Information wants to be free

Information wants to be free scriveva Stewart Brand nel suo giornale The Whole Earth Catalog, praticamente una delle bibbie della generazione di Steve Jobs: vi ricordate il famoso motto “Stay Hungry, Stay Foolish” (dal discorso ai laureati a Stanford)? Queste erano le parole della didascalia di una foto pubblicata sul giornale e che erano rimaste impresse, indelebili nella mente e nel cuore di Jobs.
Brand fu un autentico protointernauta. Brand ha sempre creduto nell’importanza della disponibilità delle informazioni, sicuro del fatto che il patrimonio del sapere e della conoscenza in genere dovesse essere condiviso dal numero più ampio possibile di persone.
E l’emancipazione sociale ha come chiave di volta proprio l’accessibilità della conoscenza a tutti.
…segueIl suo intento con il Whole Earth Catalog era quello di rendere disponibile agli uomini ogni sorta di informazione utile. Accessibilità come meme.. che fa il paio con sostenibilità: e giustapponendo allo scambio libero delle informazioni, la visione delle tecnologie come approccio dal punto di vosta ambientale per l’integrità e l’integrazione culturale, Brand afferma chiaramente che le più avanzate tecnologie non rappresentano il problema, ma casomai sono la soluzione a tanti problema esistenti.
Palese è l’incrollabile fiducia nell’uomo con la quale Brand sa guardare al domani.

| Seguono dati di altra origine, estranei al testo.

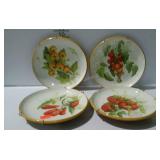Set of 4 Williams and Sonoma Garden Tom plates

Alcuni hanno visto in lui solo un visionario affetto da tecno-utopismo, oppure forse Brand aveva visto guisto nel sostenere che se all’uomo venisse data la necessaria conoscenza, tutta l’informazione e gli strumenti di cui ha bisogno, egli sarebbe capace di dare una nuova forma più sostenibile al mondo che ha creato?
Innegabile il fatto che l’informazione è incredibilmente utile a chi la riceve e questo genera un dibattito stringente e senza fine sul prezzo, il copyright, la “proprietà intellettuale”, il diritto morale alla distribuzione che sono conseguenti all’arrivo di nuovi strumenti. Insomma una tensione crescente.

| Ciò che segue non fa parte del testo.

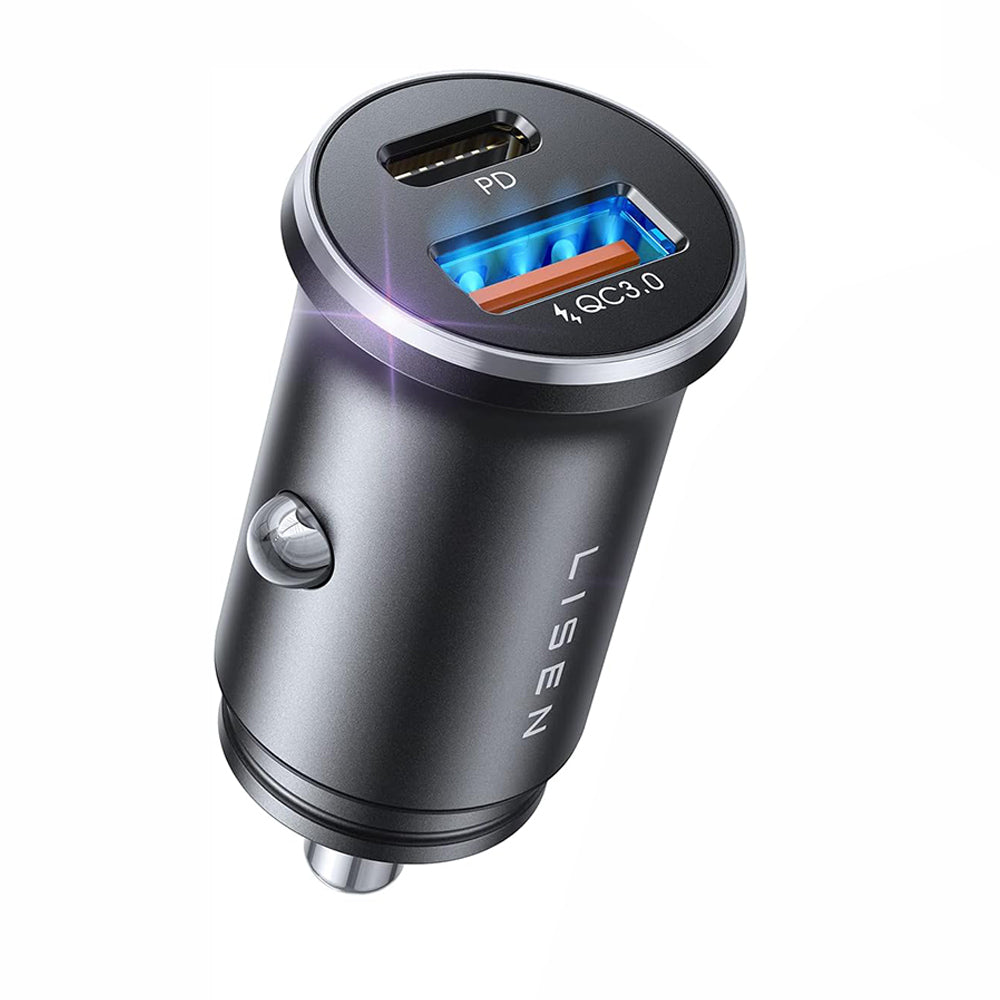 Lisen - Car Charger (YL0223090002) - Fast Charging, USB, Type-C, Cigarette Lighter Adapter, PD36W, QC18W - Black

Nel settore delle nuove tecnologie vi sono sostanzialmente due tipi di licenze d’uso: le licenze che offrono la “libertà di parola” e quelle, chiamate proprietarie, che la tolgono.
La caratteristica delle prime è proprio quella di dare ai materiali assoluta libertà di copia, oltre che di studio e di modifica, permettendo a tutti di “entrare in gioco” senza alcuna discriminazione.
Di converso le licenze proprietarie vietano la copia del software, anche al solo fine educativo, impedendo lo studio e l’eventuale modifica della logica di funzionamento. Con queste licenze viene sottratto il diritto di parola all’utilizzatore al quale è permesso solo un uso passivo.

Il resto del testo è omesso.